Prioritized decision paths
Focused on high-frequency error states over exhaustive edge cases.
Spreadsheet Prototyping
Testing Layout Priorities
Card sorting and workflow analysis helped identify which signals analysts relied on most.
Spreadsheet prototypes were used to test hierarchy, scan patterns, and field prioritization before moving into interface design.
Priority Fields First
High-frequency signals moved into the first scan zone.
Kept Familiar Fields
Legacy fields stayed visible to preserve analyst habits.
High-Fidelity Workflow
The After: Pricing Signals Organized Around Action
Workflow Fragmentation
The Before: Fragmented Pricing Signals
Analysts stitched together pricing decisions across disconnected views.
Manual Reconciliation
Performance, urgency, and pricing signals lived across separate workflows and spreadsheets.
Outcome
Faster, clearer pricing decisions in one workflow
“It’s well designed and pretty intuitive. It incorporates a lot of elements we are used to.”
Analysts previously reconciled pricing signals across fragmented tools.
I redesigned the workflow, unifying high-signal inputs into one experience—making pricing decisions faster, clearer, and easier to learn.
Faster pricing decisions by reducing cross-tool reconciliation.
Analysts rated the workflow highly for supporting pricing decisions.
Easier to learn through familiar patterns and clearer signal hierarchy.
Iteration & Rollout
Refining the Workflow Before Rollout
After validating the core workflow, we focused on tightening high-frequency pricing scenarios instead of expanding functionality.
Surfaced Pricing Risk Faster
Made 30%+ price changes easier to scan so analysts could identify high-risk pricing actions more quickly.
Reduced Package Confusion
Added show/hide toggles to simplify nested package relationships without increasing interface complexity.

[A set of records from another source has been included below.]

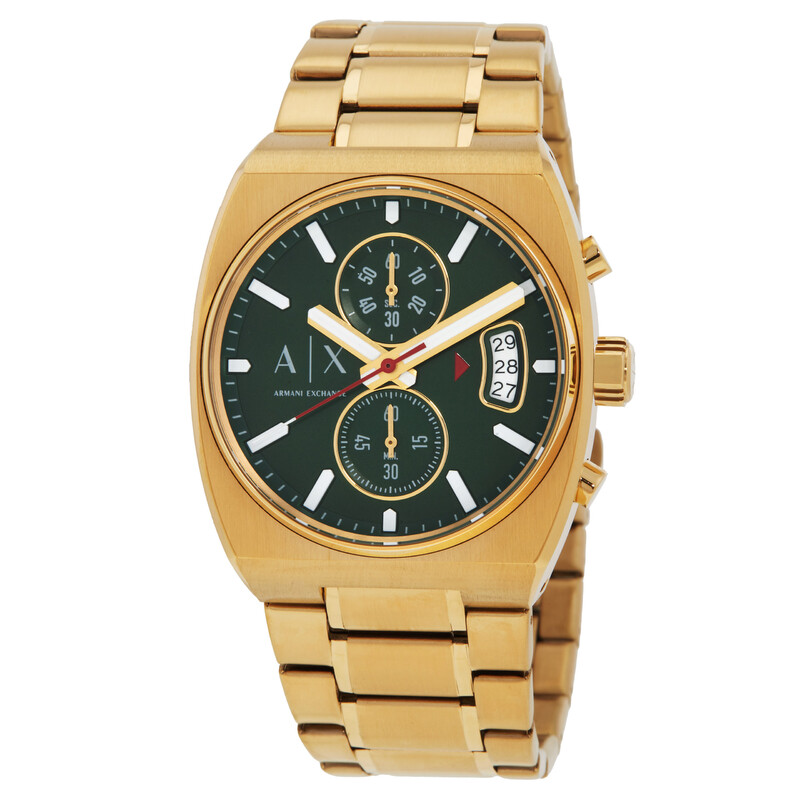 Armani Exchange Oliver Chronograph Quartz Green Dial Men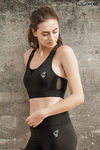 Zelocity Luxe Training Non Padded Sports Bra - Black — thumbnail 1
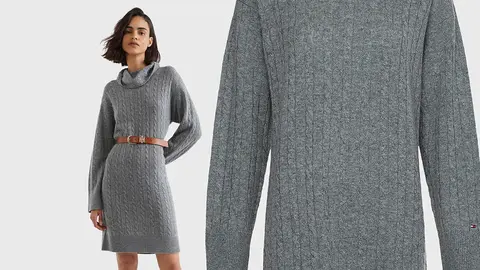 A este vestido de Tommy Hilfiger en El Corte Ingl&eacute;s le ponen una correa y te queda ideal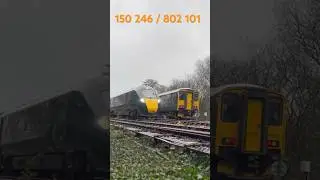 GWR class 802 gliding up close!  #train #trainspotting #gwr #railway #class802 #iet #class150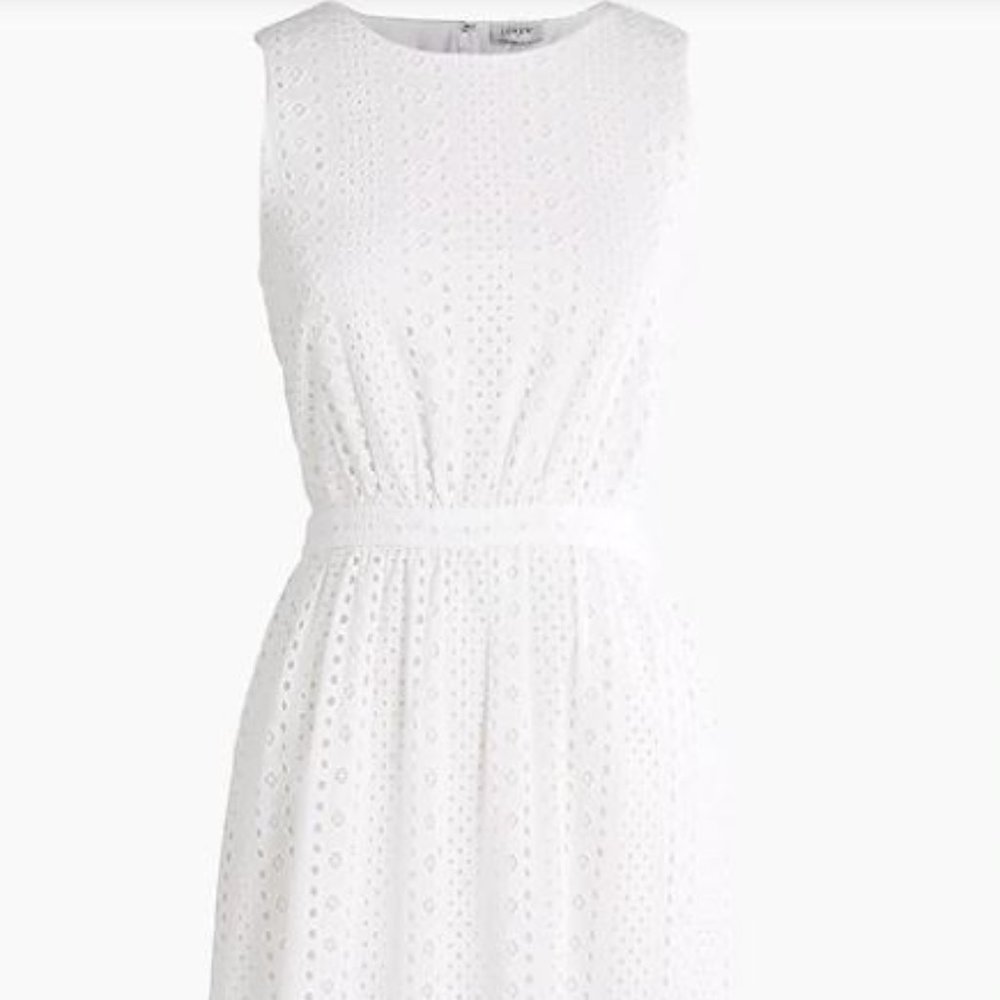 J Crew Eyelet-embroidered tiered midi dress AK917
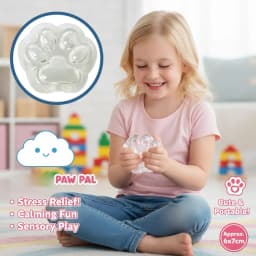 Cat Paw Hollow Ball Skin DIY Stress Relief Toy Slow Rebound Fidget Sensory Ball Toy Decompression Irregular Ball Cover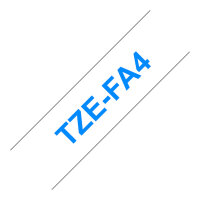 BROTHER TZe-FA4 Textilband 3mx18mm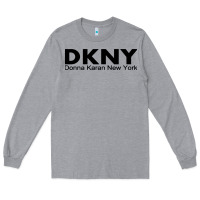 Heather Grey dknys Long Sleeve Tee - artisFamous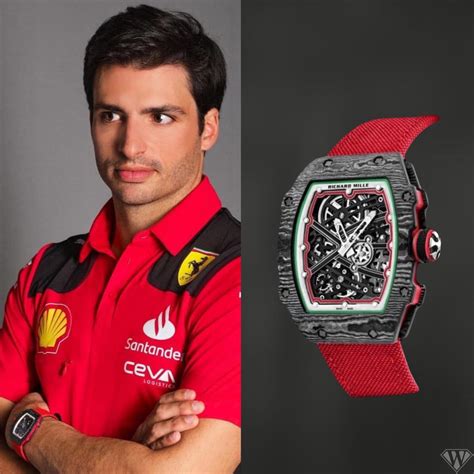 richard mille ferrari sainz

Stabilized the Core Flow First
Deferred EU pricing adjustments until the primary pricing workflow proved reliable under real operational use.
Reflection
Lessons From the Build
Building the workflow clarified which pricing behaviors mattered most—and which operational assumptions needed to evolve.

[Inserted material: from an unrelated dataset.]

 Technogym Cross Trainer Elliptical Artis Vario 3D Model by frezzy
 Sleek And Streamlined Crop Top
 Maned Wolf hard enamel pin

Dashboards need clear next actions
Reducing scan complexity mattered more than exposing every available signal.
Visualizing relationships early reduced ambiguity
Workflow diagrams helped teams align before implementation decisions became expensive.
Prioritize high-frequency scenarios sooner
Focusing earlier on repeated analyst behaviors would have reduced downstream feature churn.
Align constraints earlier
Co-defining technical and operational constraints upfront improved later roadmap decisions.